_WHAT TO WORK ON_
Among the entries below, the lines from the one with "Bike Seat Post Clamp" up to and including the one with "Emblema Logo Powered" are to be restated exactly, without pictures.

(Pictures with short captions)

/---

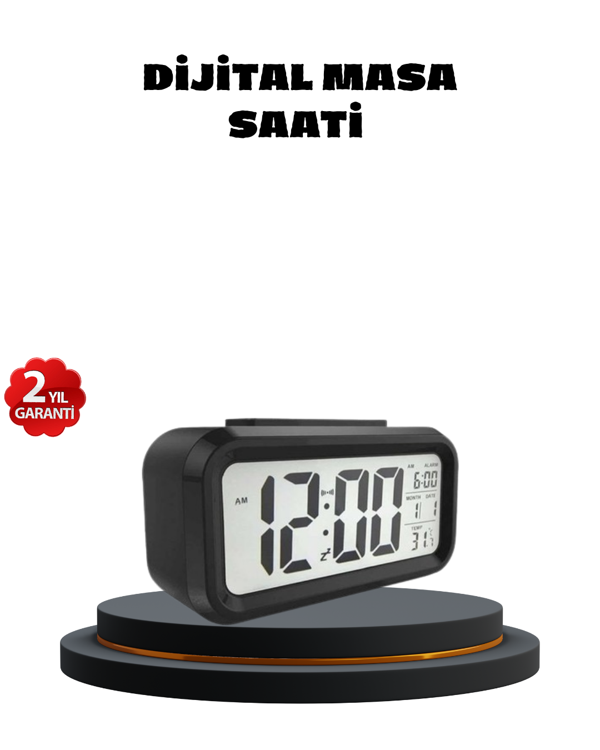 Sensörlü Dijital Masa Saati Alarm ve Sıcaklık Göstergeli - Image 1
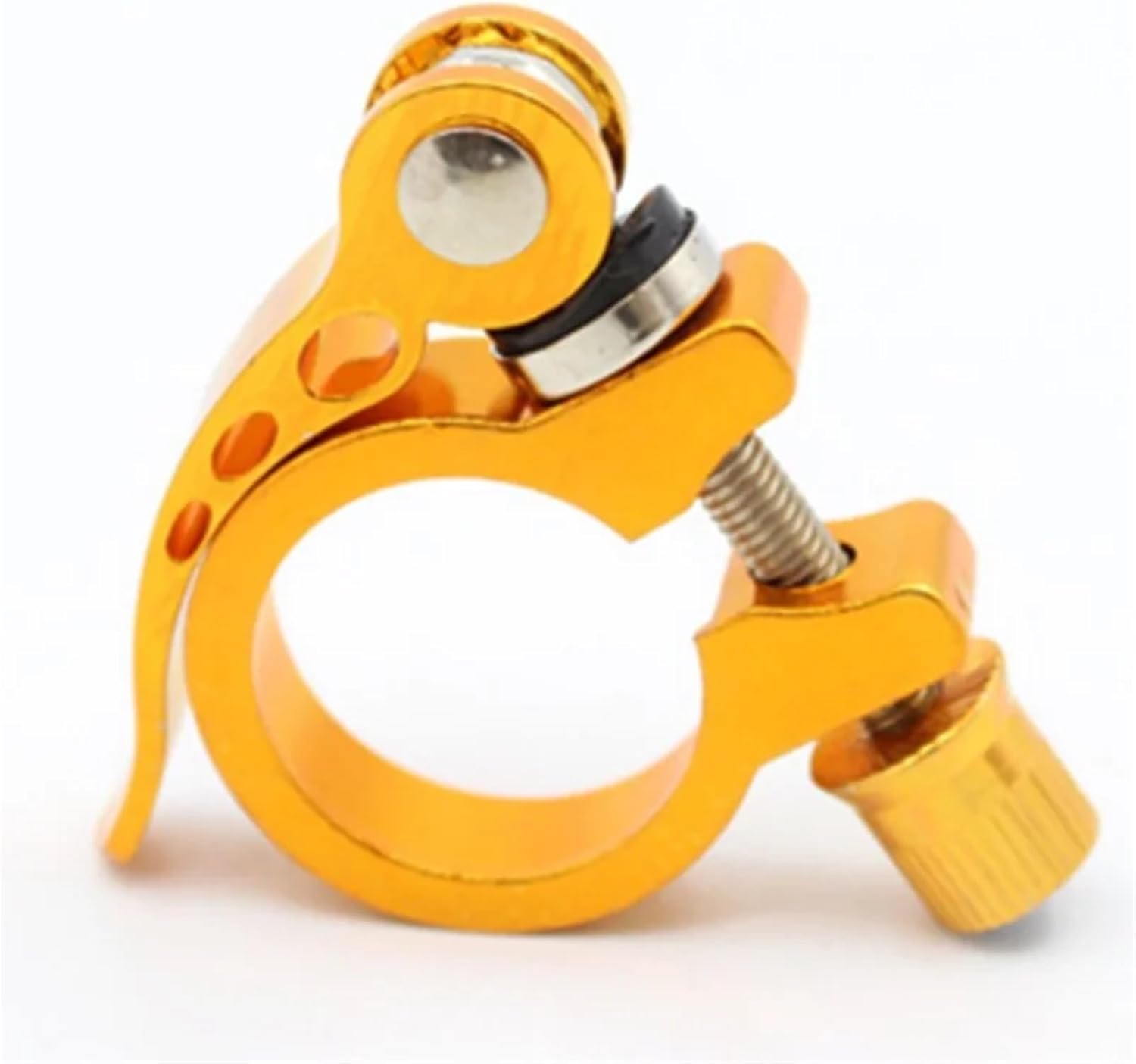 Bike Seat Post Clamp 25.4/28.6/31.8/34.9mm Bicycle Seatposts Clamps Mountain Bike Seat Posts Clamp Quick Release Aluminum Alloy(25.4mm gold)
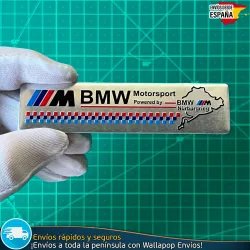 Emblema Logo Powered by BMW M Motorsport Metálico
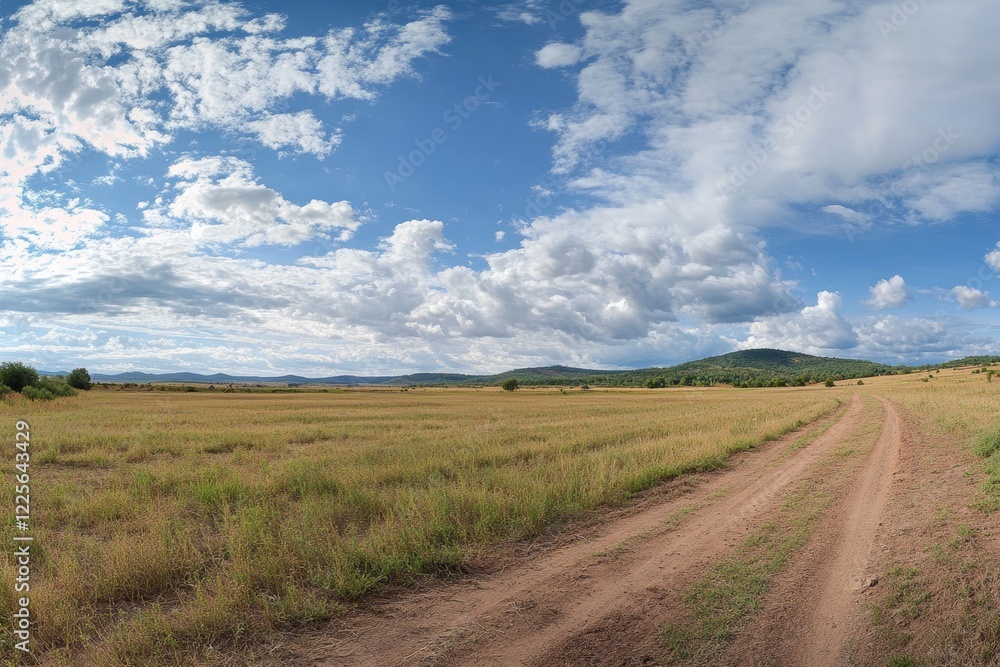 Panorama field with dirt road and cloudy sky. Panorama field with dirt road and cloudy sky.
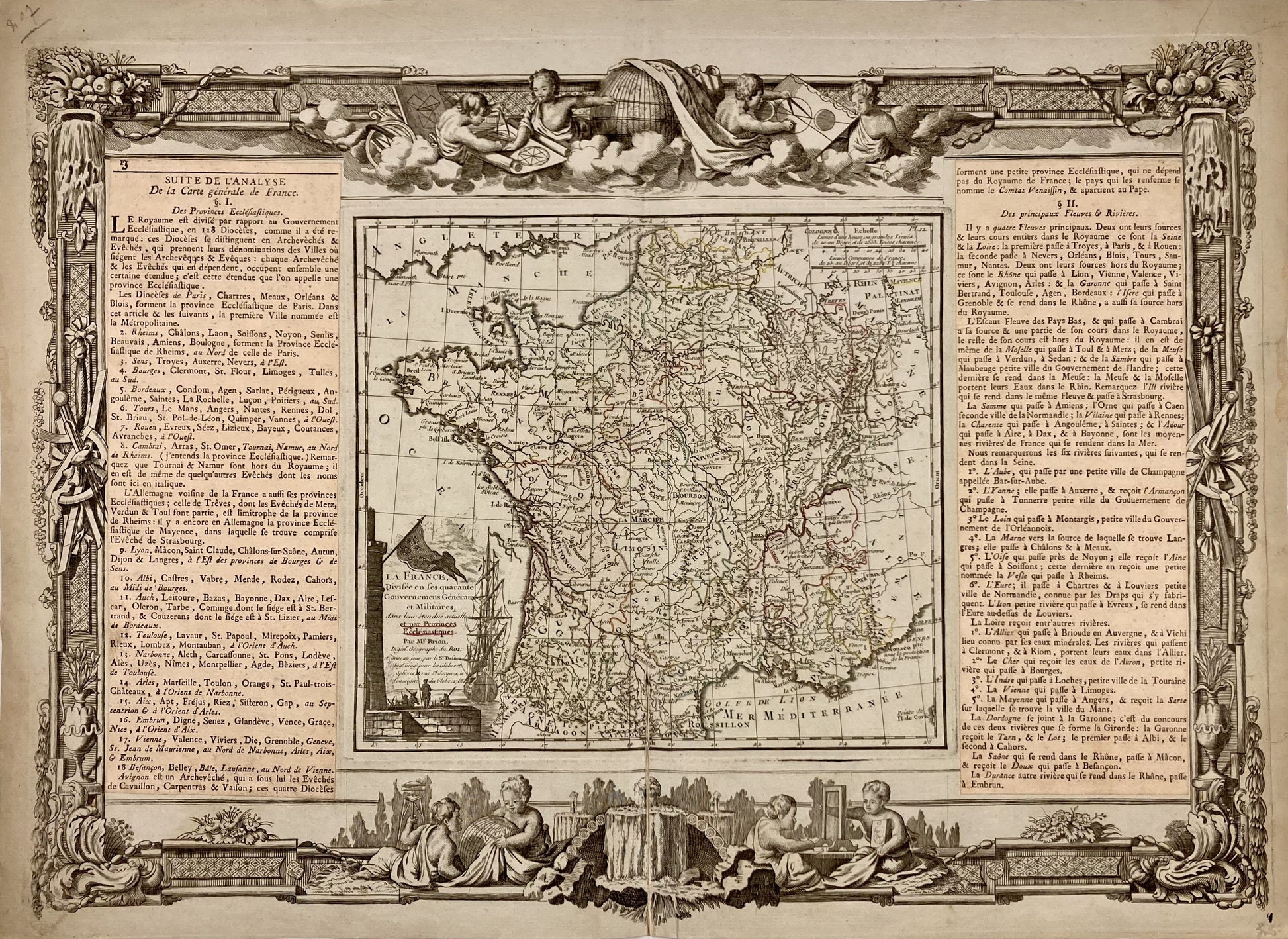 Carte ancienne de la France par Louis Brion de la Tour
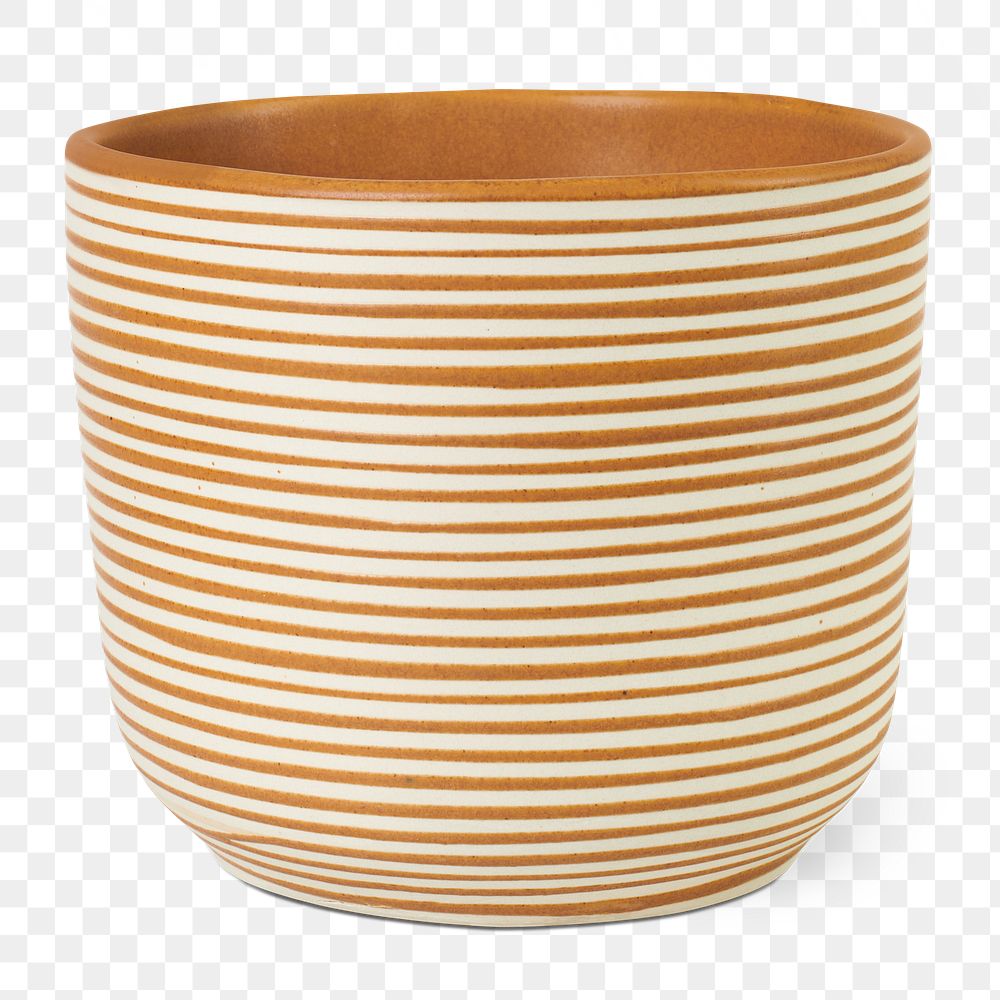 Plant pot png stripes ceramic mockup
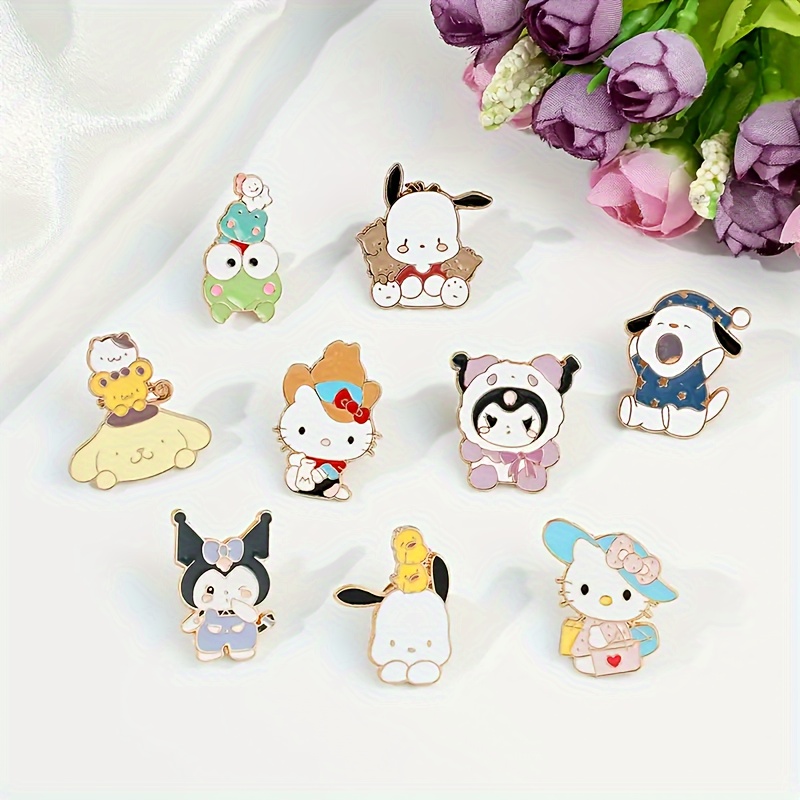 

9pcs Sanrio Brooch, Cute Sleepwear Enamel Pin, Keroppi , Backpack Clothing Jewelry, Holiday Gift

\---

_RESPONSE TO THE EXERCISE_
 Bike Seat Post Clamp 25.4/28.6/31.8/34.9mm Bicycle Seatposts Clamps Mountain Bike Seat Posts Clamp Quick Release Aluminum Alloy(25.4mm gold)
 Emblema Logo Powered by BMW M Motorsport Metálico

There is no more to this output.